▸ DIRECTIONS: Within the lines below, the span from the line with "2007 Honda RIDGELINE фото" to the line with "Maximummm★FURLA 折りたたみ日傘 ジャンプ式", both ends included, is to be reproduced exactly, with pictures omitted.

▸ EXTRACTED MATERIAL:
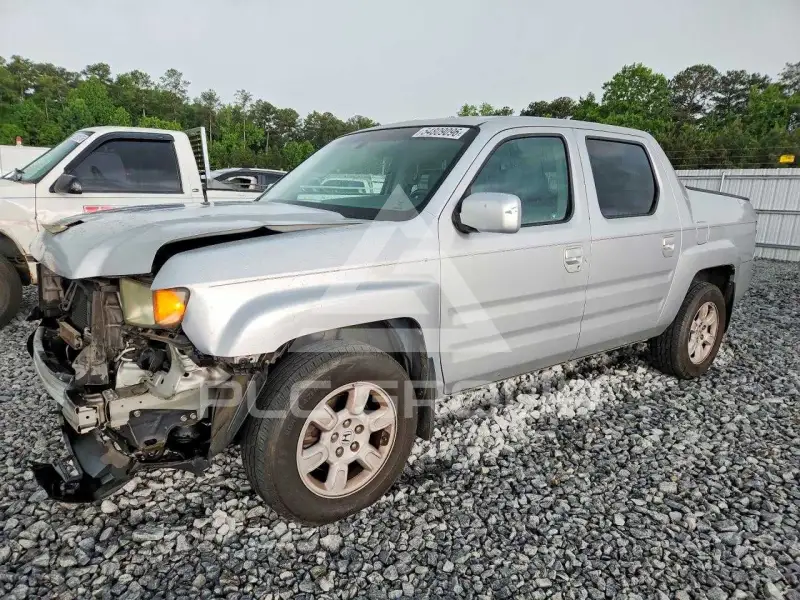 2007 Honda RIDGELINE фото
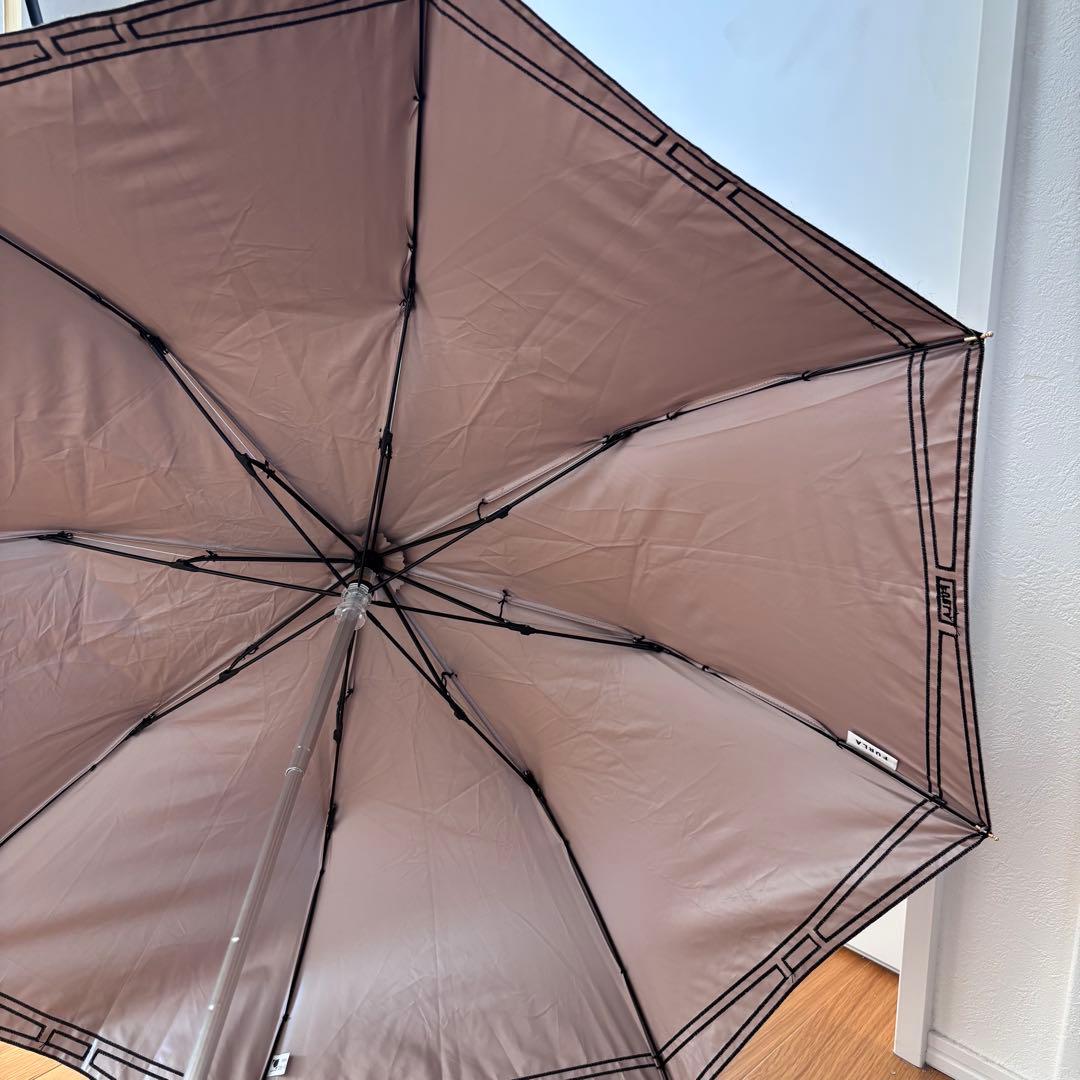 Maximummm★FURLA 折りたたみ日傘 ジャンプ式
...
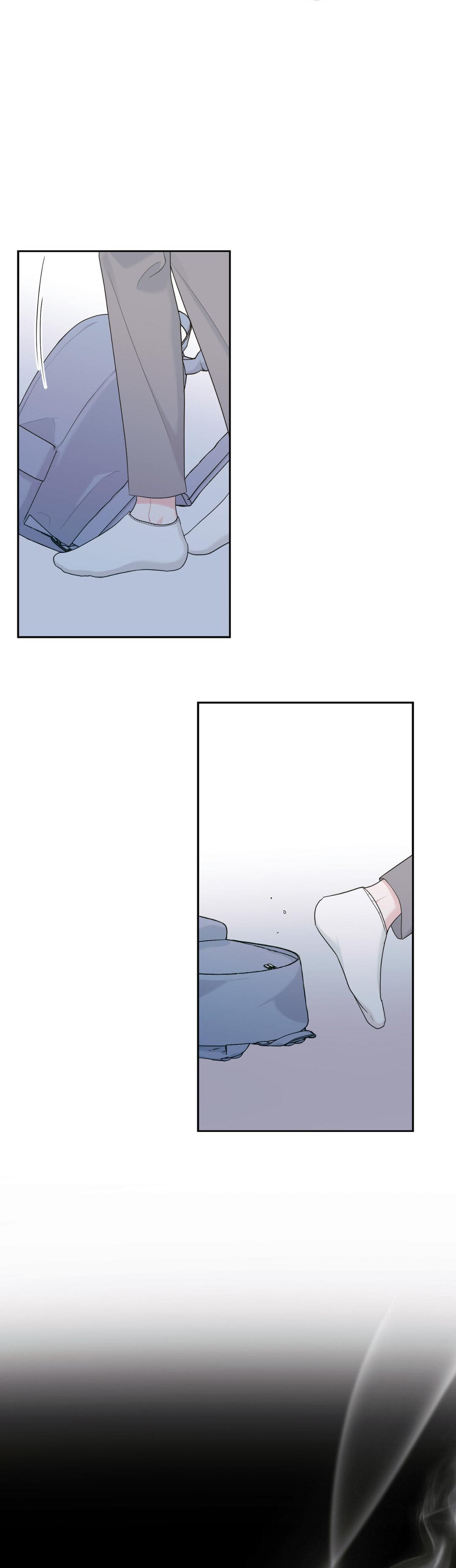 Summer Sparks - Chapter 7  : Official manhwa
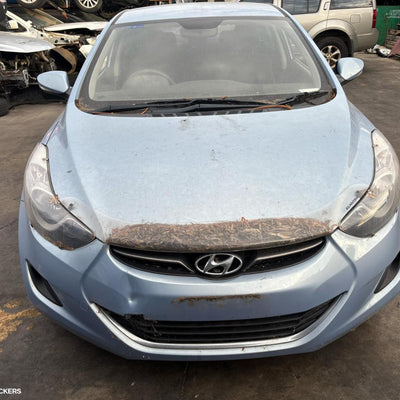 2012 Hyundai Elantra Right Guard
--
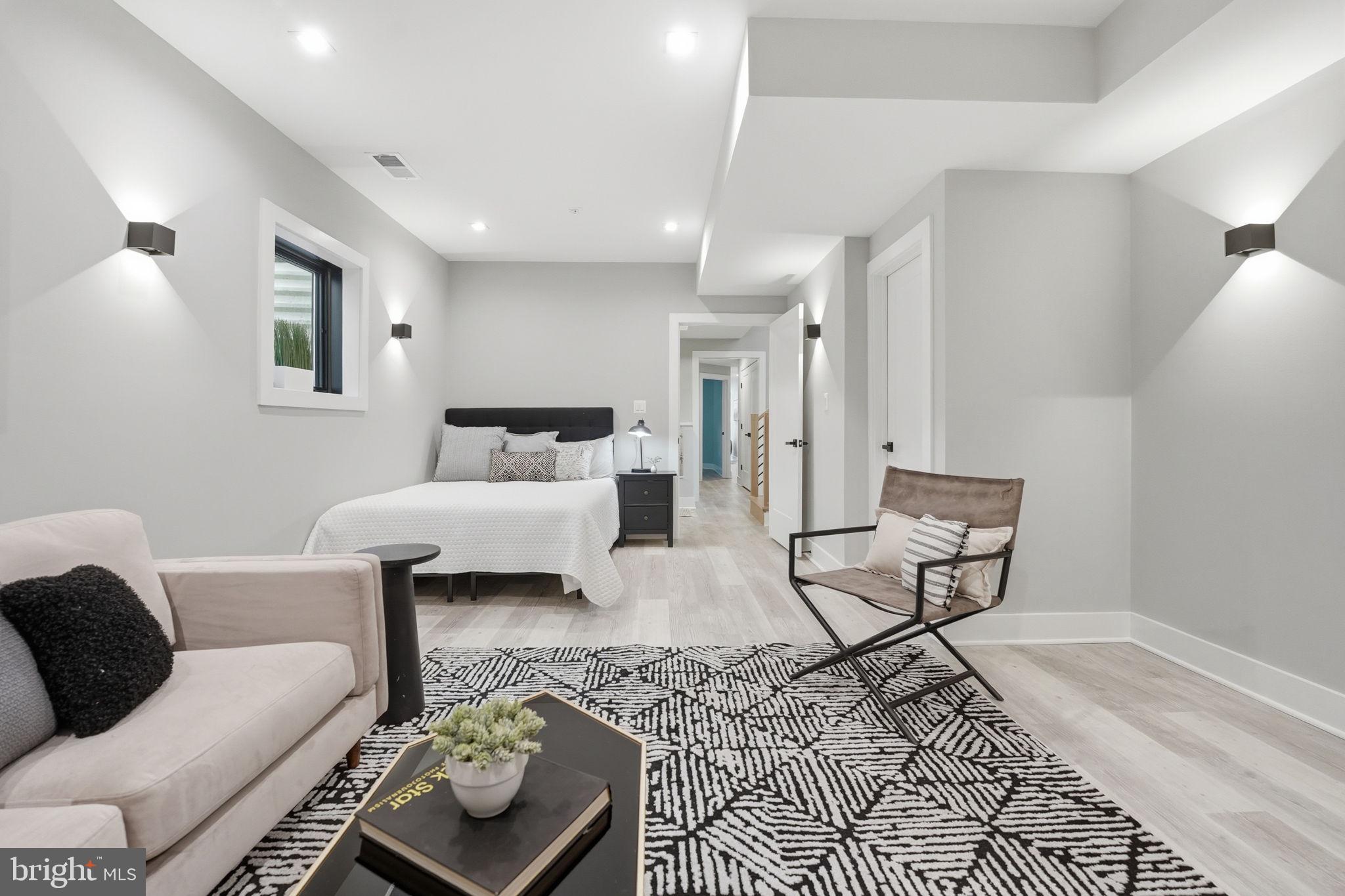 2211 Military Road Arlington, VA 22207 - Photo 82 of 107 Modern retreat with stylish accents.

▸ ANSWER TO THIS TASK:
 2007 Honda RIDGELINE фото
 Maximummm★FURLA 折りたたみ日傘 ジャンプ式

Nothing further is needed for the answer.